Unaligned and fined – Mashreqbank
The New York State Department of Financial Services (NYSDFS) fined Mashreqbank $40 million last week for violations of the Bank Secrecy Act. Mashreqbank, whose parent bank is based in the United Arab Emirates, is the only foreign branch of the bank in the US, where it deals in transactions worth around $360 million each year. The bank’s crimes according to the NYSDFS include:
- Failing to have tailored policies and procedures for the specific risks presented by the bank’s clients in high-risk geographies
- Having an insufficient process for monitoring transactions and escalating alerts associated with suspicious activity
- Having an unsatisfactory system for producing and maintaining records in relation to clients and their activity
Mashreqbank will receive more than just a fine for the above crimes. The NYSDFS have added various consent orders to the settlement they reached with the bank. For example, the bank will have to hire a third party compliance consultant immediately to “oversee and address” the deficiencies in the bank’s compliance processes. It will also have to hire a second consultant to deal specifically with transactions handled by the bank between April and September 2016. Foreign branches of banks, such as Mashreqbank, often fail to align their compliance practices written in their home nations with the requirements of host nations. Fines and consent orders are an effective way of bringing about alignment.
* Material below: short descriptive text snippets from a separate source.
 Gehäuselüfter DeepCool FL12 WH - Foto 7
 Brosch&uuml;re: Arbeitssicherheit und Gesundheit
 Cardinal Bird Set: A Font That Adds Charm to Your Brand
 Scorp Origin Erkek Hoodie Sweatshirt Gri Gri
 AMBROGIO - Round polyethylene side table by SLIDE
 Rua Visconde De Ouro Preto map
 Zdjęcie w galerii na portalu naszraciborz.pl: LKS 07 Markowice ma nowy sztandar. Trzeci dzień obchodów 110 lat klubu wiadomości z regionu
European Getaway for risky individuals
“Risky individuals are buying access to the EU” was the key finding of a new report by Global Witness and Transparency International released last week. The report, entitled “European Getaway” revealed that over 6000 individuals have purchased European citizenships over the past ten years. However, thankfully, the tide against these so-called “Golden Visas” seems to be turning. Only yesterday, the OECD published a list of 21 jurisdictions, three of which are in Europe, that threaten international efforts to stop tax evasion by selling citizenships or residencies.
The issue of Golden Visas has a special poignancy this week. Yesterday, marked the one year anniversary of the murder of Maltese journalist, Daphne Caruana Galizia. At the time of her death, Daphne was investigating, among other things, the Maltese Golden Visa scheme which is one the most profitable and murky in Europe. The “investigation” into her death is yet to turn up any leads but it is widely suggested that the Maltese state and a certain citizenship-for-sale company may have been involved. Golden visas may seem like a niche issue but given their role in a very public and brutal killing, as well as tax evasion they should be taken seriously.
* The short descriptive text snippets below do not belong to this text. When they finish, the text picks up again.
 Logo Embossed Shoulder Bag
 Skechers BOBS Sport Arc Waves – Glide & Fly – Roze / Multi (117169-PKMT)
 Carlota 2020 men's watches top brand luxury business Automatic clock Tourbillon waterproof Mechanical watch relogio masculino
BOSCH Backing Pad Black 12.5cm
What skeletons? China and international AML standards
China is expanding its financial crime-fighting focus beyond corruption to include money laundering and terrorist financing. On Wednesday, the People’s Bank of China released new rules for online financial institutions which will require them to perform KYC checks and report suspicious behavior. These new rules are in line with China’s wider efforts to meet international AML/CFT standards. How well they have done this will be determined by the results of their FATF mutual evaluation. This was conducted in June and the results will be released in February 2019.
Next year China will have the opportunity to set the global agenda when they take the revolving Presidency of FATF. It will be interesting to see which issues they choose to highlight. One area that is likely to be avoided is the issue of Chinese organized crime. Last year, scandals in Canada and Spain gave an insight into the global reach of the Chinese Triads and how they launder their money. Another issue that might be kept off the agenda is the amount of suspect Chinese wealth being deposited, much like Russian money was in the early 1990s, around the world today. We will have to wait until next year to find out what is highlighted and what is hidden.